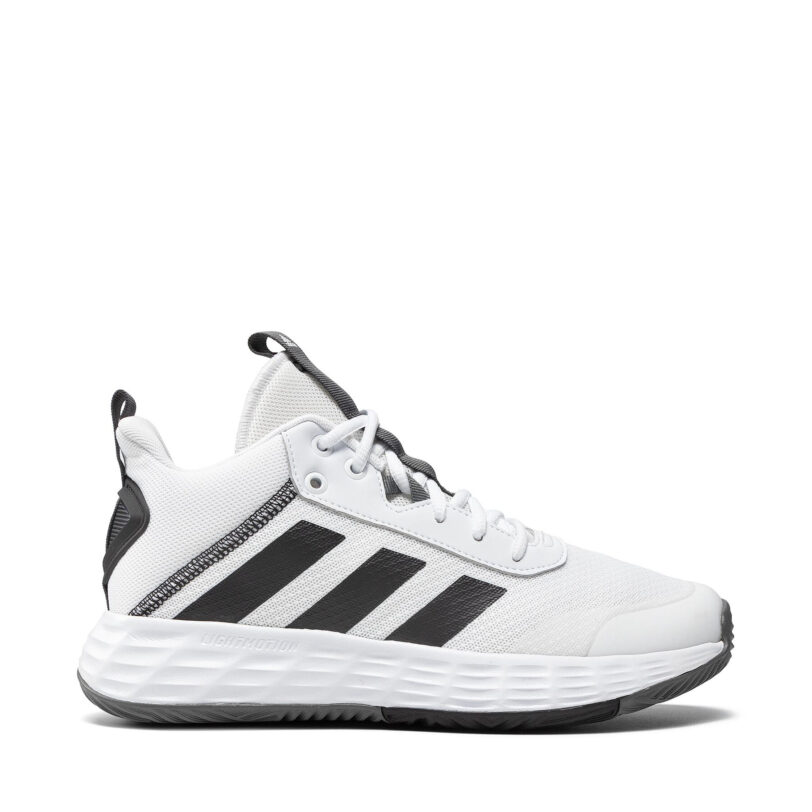 Сникърси adidas Ownthegame 2.0 H00469 Бял цвят на ниска цена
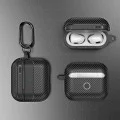 Калъф за AirPods 3 - CarbonFiber - черен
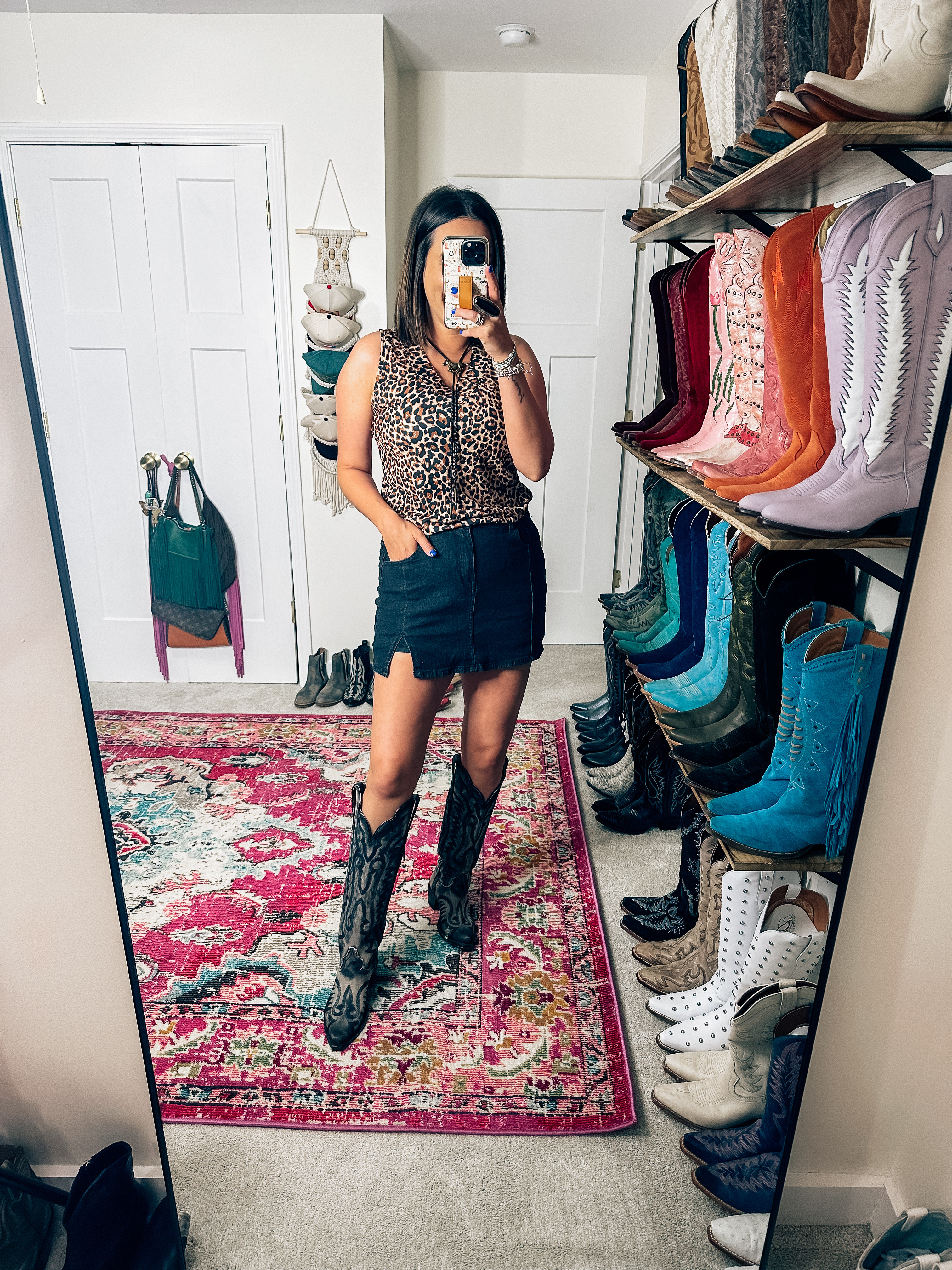 Western fashion outfit idea from Amazon, wearing a medium in the top and skort 

#LTKootd #LTKFestival #LTKgrwm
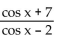Simplify the expression. -  A)    B)    C)    D)   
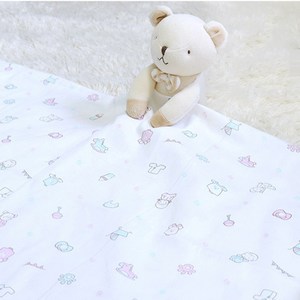 오즈맘 순면거즈 유아동 여름 가제블랭킷, 베이비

*Problem requirements*. Take the line containing "Калъф за AirPods 3 - CarbonFiber - черен" and every line after it up to the end of the data, and write them out exactly, without the pictures.

*Written answer*.
 Калъф за AirPods 3 - CarbonFiber - черен
 Western fashion outfit idea from Amazon, wearing a medium in the top and skort 

#LTKootd #LTKFestival #LTKgrwm
Simplify the expression. -  A)    B)    C)    D)   
 오즈맘 순면거즈 유아동 여름 가제블랭킷, 베이비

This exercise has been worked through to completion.